Valve Reveals Haptic Game Controller
Games developer Valve on Friday shown off its Steam Controller, the final part of its strategy to bring its PC-based platform to the living room.
The Steam Controller is designed to work with all the games on Steam, including the older titles in the catalog. It features two circular trackpads which provide "haptic" feedback capable of delivering various physical sensations to the player. Each trackpad is also clickable, allowing the entire surface to act as a button. Whole genres of games that were previously only playable with a keyboard and mouse are now accessible from the sofa. Games like first-person shooters that are designed around precise aiming within a large visual field now benefit from the trackpads' high resolution and absolute position control.
The Steam Controller is built around a new generation of precise haptic feedback, employing dual linear resonant actuators. These small electro-magnets are attached to each of the dual trackpads. They are capable of delivering a wide range of force and vibration, allowing precise control over frequency, amplitude, and direction of movement. This haptic capability provides information to the player - delivering in-game information about speed, boundaries, thresholds, textures, action confirmations, or any other events about which game designers want players to be aware. As a parlour trick they can even play audio waveforms and function as speakers.
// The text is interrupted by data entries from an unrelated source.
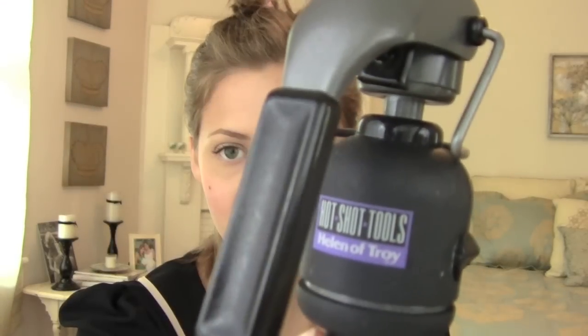Now it's time to use the curling iron, and this one is by Hotshot Tools, which is by Helen of Troy. I think I've used this in tutorials before, but it is about one inch — it might be just a little bit more than that. It looks a little strange because the little top part of it fell off a long time ago, but I still use it. It still works.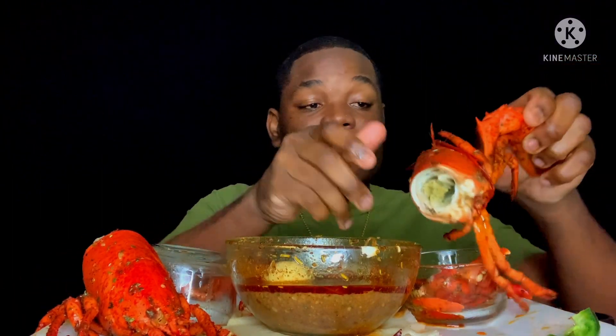You guys realize I'm only talking, don't you? This is so good.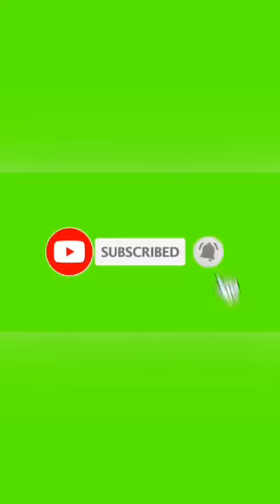If you like this video, please like this video. I will be watching another video with you. See you in the next video.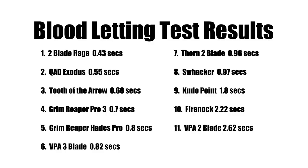Here are the results for the bloodletting tests. As you can imagine, the three blade and four blade broadheads did considerably better than the two blades. You will notice that the two blade Rage is listed as number one on the results, but keep in mind that with the cut-on-contact tip, it actually performs as a four blade. Hope you found this interesting, and keep in mind that this is only one factor we're using to determine which broadhead is the best of our challenge. Thanks.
In the center of the controller is another touch-enabled surface, this one backed by a high-resolution screen. The screen allows an infinite number of discrete actions to be made available to the player, without requiring an infinite number of physical buttons.
The whole screen itself is also clickable, so actions are not invoked by a simple touch, they instead require a click. This allows a player to touch the screen, browse available actions, and only then commit to the one they want. When programmed by game developers using Valve's API, the touch screen can work as a scrolling menu, a radial dial, provide secondary info like a map or use other custom input modes. When a player touches the controller screen, its display is overlayed on top of the game they?re playing, allowing the player to leave their attention squarely on the action.
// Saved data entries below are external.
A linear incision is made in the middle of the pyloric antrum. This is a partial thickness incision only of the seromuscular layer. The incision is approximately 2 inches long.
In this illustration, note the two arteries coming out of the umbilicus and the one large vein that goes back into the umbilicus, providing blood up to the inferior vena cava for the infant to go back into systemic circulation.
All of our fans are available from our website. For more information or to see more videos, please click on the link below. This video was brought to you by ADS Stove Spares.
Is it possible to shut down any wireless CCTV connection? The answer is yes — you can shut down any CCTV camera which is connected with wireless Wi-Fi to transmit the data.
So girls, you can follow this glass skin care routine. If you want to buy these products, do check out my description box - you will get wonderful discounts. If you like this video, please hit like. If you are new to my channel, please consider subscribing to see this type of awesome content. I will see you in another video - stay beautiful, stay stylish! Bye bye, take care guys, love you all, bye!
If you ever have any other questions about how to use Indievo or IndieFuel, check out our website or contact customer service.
There are a total of sixteen buttons on the Steam Controller. Half of them are accessible to the player without requiring thumbs to be lifted from the trackpads, including two on the back. All controls and buttons have been placed symmetrically, making left or right handedness switchable via a software config checkbox.
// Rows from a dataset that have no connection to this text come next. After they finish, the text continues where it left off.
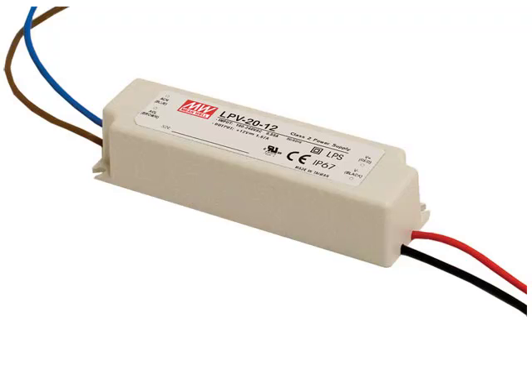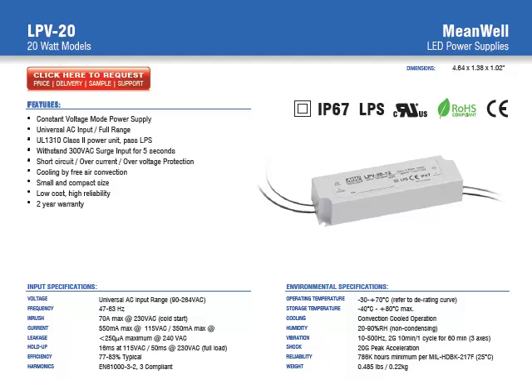In this video, we're going to discuss the characteristics and features of the LPV-20 series of LED power supplies. These power supplies offer 20 watts of output power. They measure just under 5 inches by 1.38 by 1.02 inches. They offer constant voltage operation, are UL1310 Class II approved, and offer a 2-year warranty.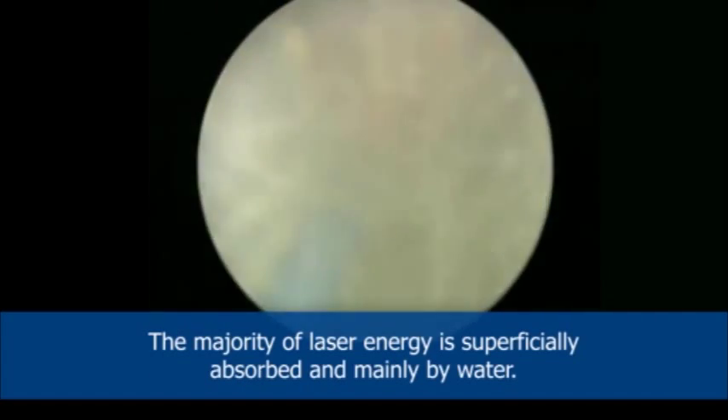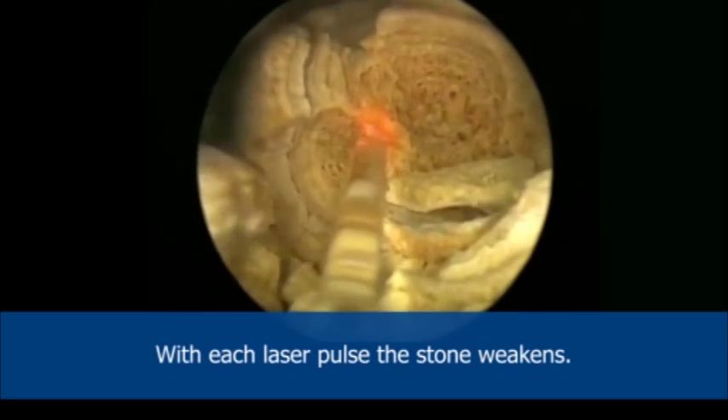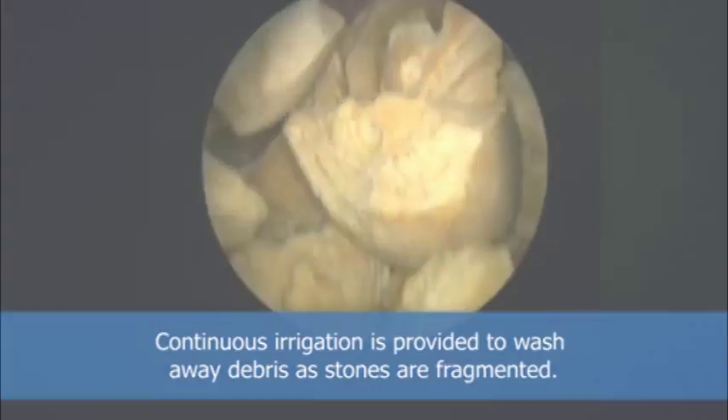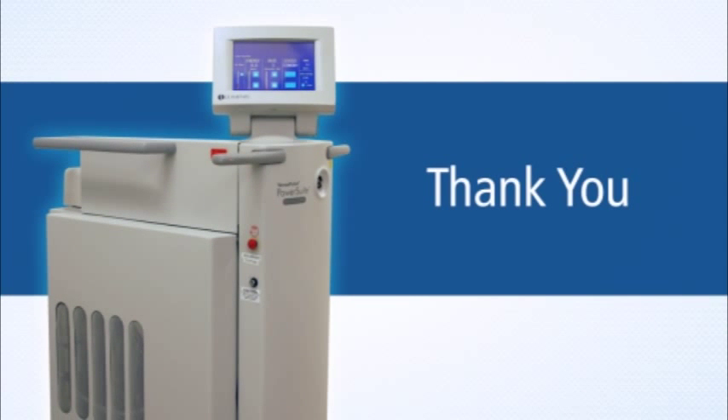The majority of laser energy is superficially absorbed, and mainly by water. With each laser pulse, the stone weakens. Continuous irrigation is provided to wash away debris as stones are fragmented. This has been an overview of how the Holmium works and its main safety features.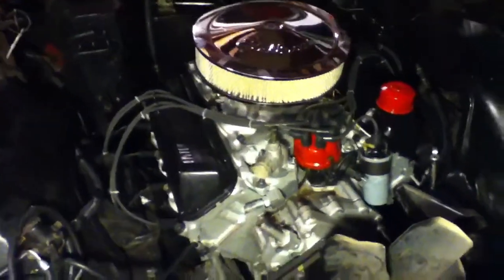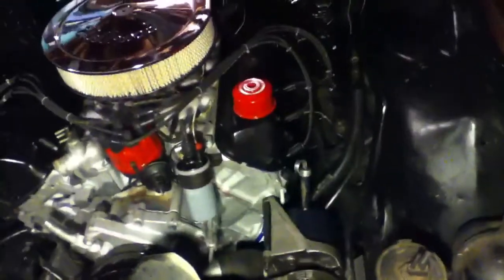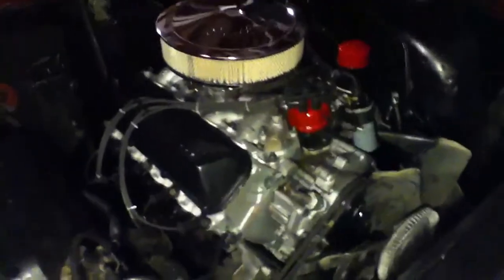Alright, so far got everything put in. I ran it for about 10 minutes on break-in and it ran fine — actually ran great, just loud. Still got to set the idle screws and everything on the carburetor.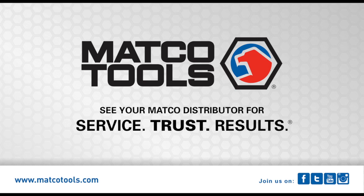For more information on the MD LeakLight, see your Matco distributor or visit us at www.matcotools.com.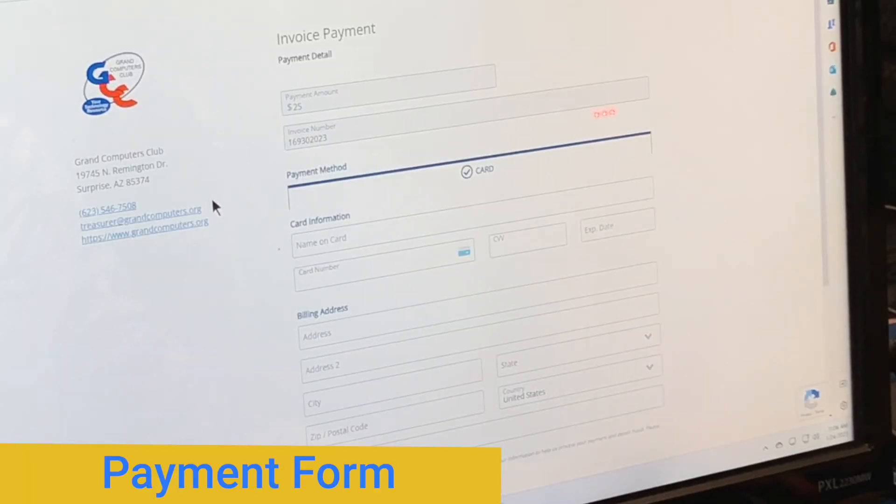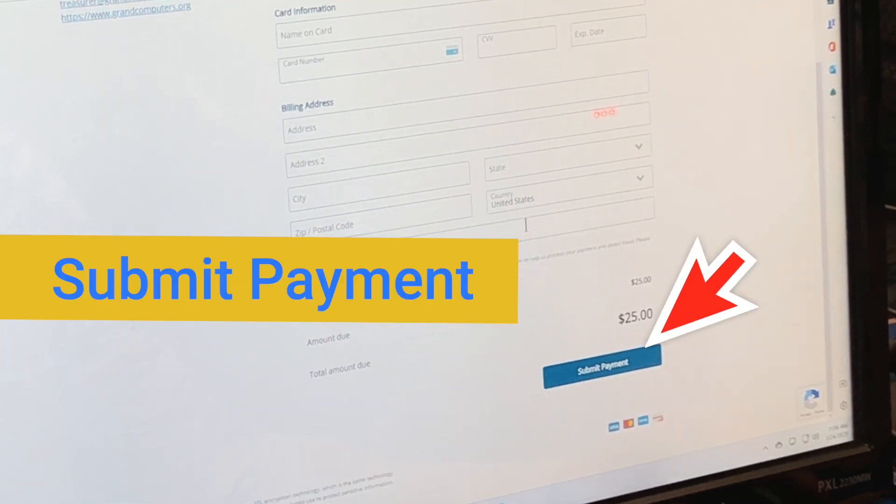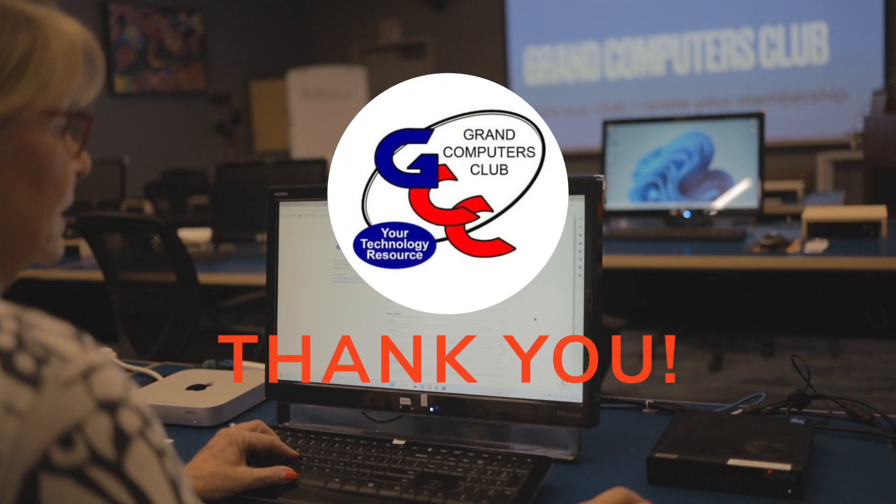So I click on Pay Using Credit or Debit Card, and I've landed on the payment page, so I complete the invoice here with all of the billing information, and then I submit payment here, and you'll get a receipt via email from Affinapay that indicates you've paid your dues and you are now an active member.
In order to support the full catalog of existing Steam games, Valve has also built in a legacy mode that allows the controller to present itself as a keyboard and mouse.
The Steam Controller was designed from the ground up to be hackable. Valve plans to make tools available that will enable users to participate in all aspects of the experience, from industrial design to electrical engineering.
Gamers have been invited test the device before it goes on sale in 2014. The controller is the third announcement the company has made this week. On Monday, it outlined plans to create an entire Linux-based operating system for running games, and followed up on Wednesday with details of the Steam Machine, essentially a new type of games console.
The controller completes what Valve will hope is a strategy that can shift gamers that use traditional PCs.
The company is to send out 300 early versions of the controller to people who sign up for beta testing.
The Steam Controller is built around a new generation of precise haptic feedback, employing dual linear resonant actuators. These small electro-magnets are attached to each of the dual trackpads. They are capable of delivering a wide range of force and vibration, allowing precise control over frequency, amplitude, and direction of movement. This haptic capability provides information to the player - delivering in-game information about speed, boundaries, thresholds, textures, action confirmations, or any other events about which game designers want players to be aware. As a parlour trick they can even play audio waveforms and function as speakers.
In the center of the controller is another touch-enabled surface, this one backed by a high-resolution screen. The screen allows an infinite number of discrete actions to be made available to the player, without requiring an infinite number of physical buttons.
The whole screen itself is also clickable, so actions are not invoked by a simple touch, they instead require a click. This allows a player to touch the screen, browse available actions, and only then commit to the one they want. When programmed by game developers using Valve's API, the touch screen can work as a scrolling menu, a radial dial, provide secondary info like a map or use other custom input modes. When a player touches the controller screen, its display is overlayed on top of the game they?re playing, allowing the player to leave their attention squarely on the action.
There are a total of sixteen buttons on the Steam Controller. Half of them are accessible to the player without requiring thumbs to be lifted from the trackpads, including two on the back. All controls and buttons have been placed symmetrically, making left or right handedness switchable via a software config checkbox.
In order to support the full catalog of existing Steam games, Valve has also built in a legacy mode that allows the controller to present itself as a keyboard and mouse.
The Steam Controller was designed from the ground up to be hackable. Valve plans to make tools available that will enable users to participate in all aspects of the experience, from industrial design to electrical engineering.
Gamers have been invited test the device before it goes on sale in 2014. The controller is the third announcement the company has made this week. On Monday, it outlined plans to create an entire Linux-based operating system for running games, and followed up on Wednesday with details of the Steam Machine, essentially a new type of games console.
The controller completes what Valve will hope is a strategy that can shift gamers that use traditional PCs.